▸ **Prompt**: Transcribe the listing exactly, so that nothing but the pictures is missing.

▸ **Data shown**:
○ ○ ○ ○ ○

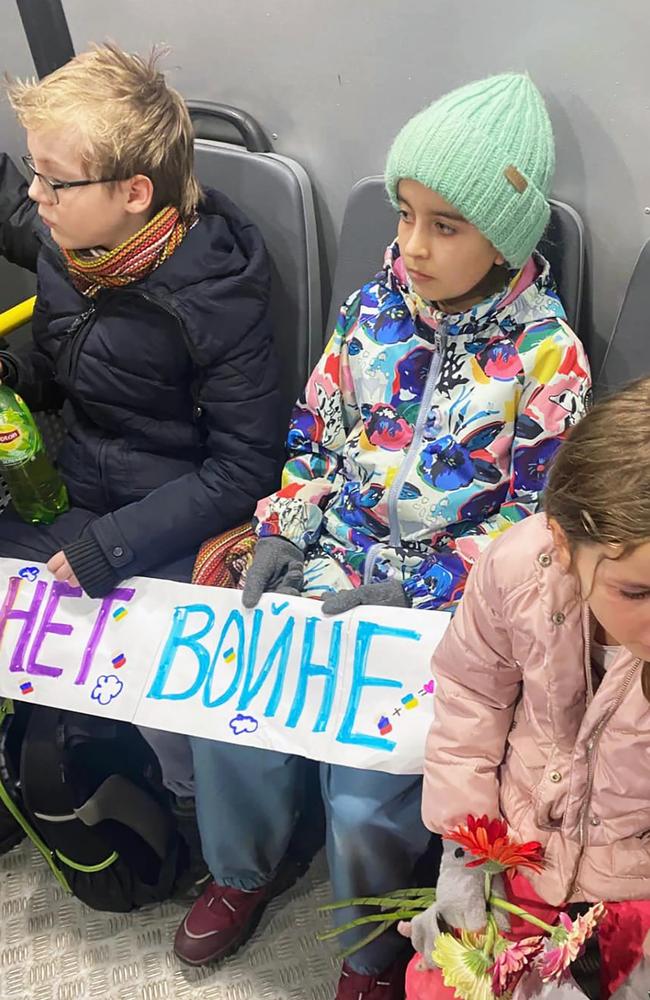 Three of the other children detained with their mothers for laying flowers to the embassy of Ukraine in Moscow, and for carrying No War posters. Picture: East 2 West News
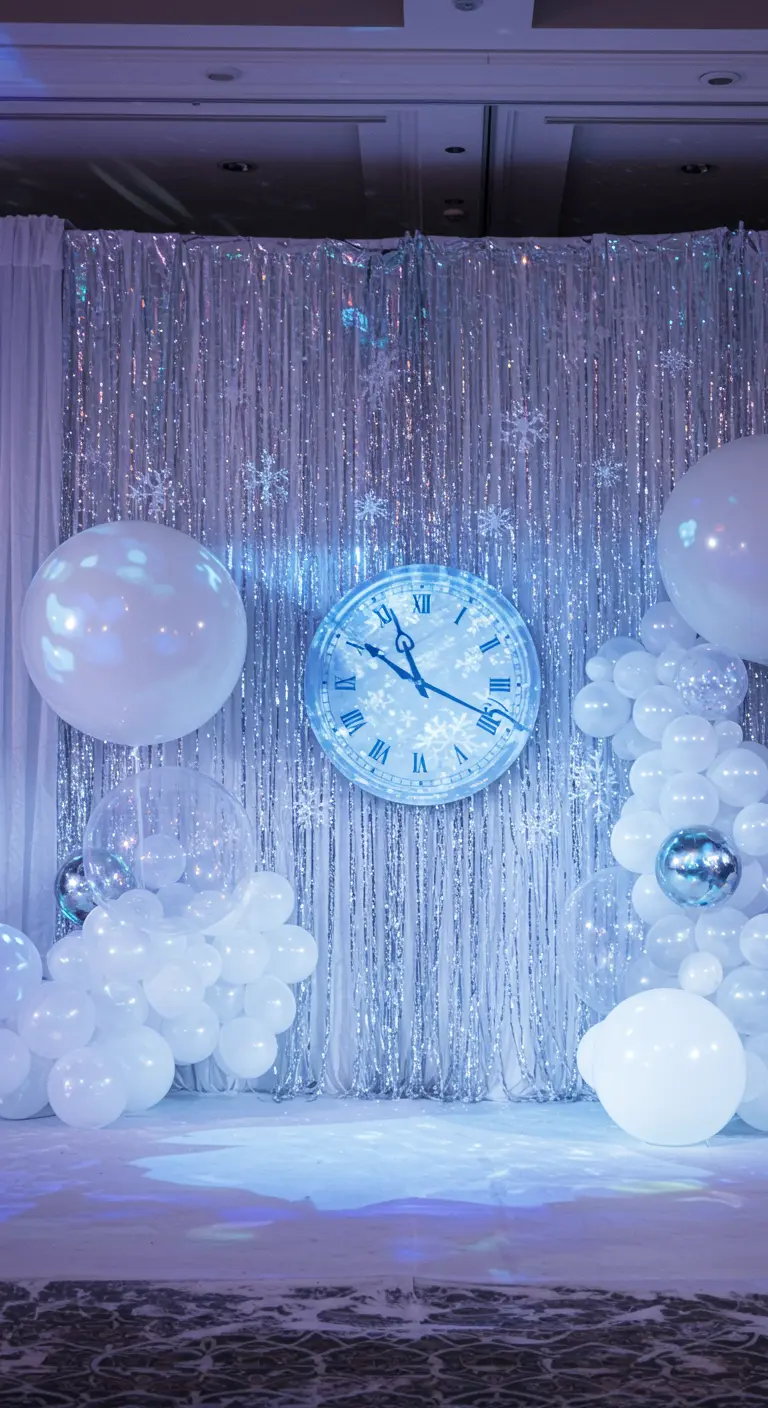 Décor hivernal avec une horloge bleue, des rideaux argentés et des ballons blancs.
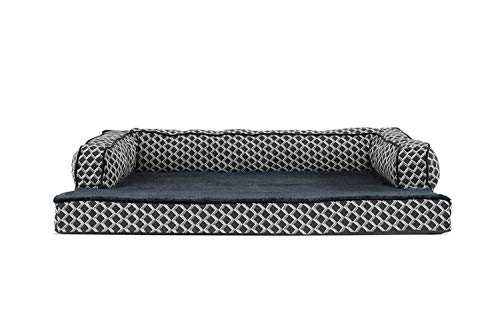 Furhaven Kühlendes Gel-Hundebett für große und mittelgroße Hunde mit abnehmbaren Nackenrollen und waschbarem Bezug, für Hunde bis zu 25 kg – Plüsch und gewebte Dekoration, bequemes Sofa, Diamantgrau, von Furhaven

○ ○ ○ ○ ○

▸ **Solution to the problem**:
 Three of the other children detained with their mothers for laying flowers to the embassy of Ukraine in Moscow, and for carrying No War posters. Picture: East 2 West News
 Décor hivernal avec une horloge bleue, des rideaux argentés et des ballons blancs.
 Furhaven Kühlendes Gel-Hundebett für große und mittelgroße Hunde mit abnehmbaren Nackenrollen und waschbarem Bezug, für Hunde bis zu 25 kg – Plüsch und gewebte Dekoration, bequemes Sofa, Diamantgrau, von Furhaven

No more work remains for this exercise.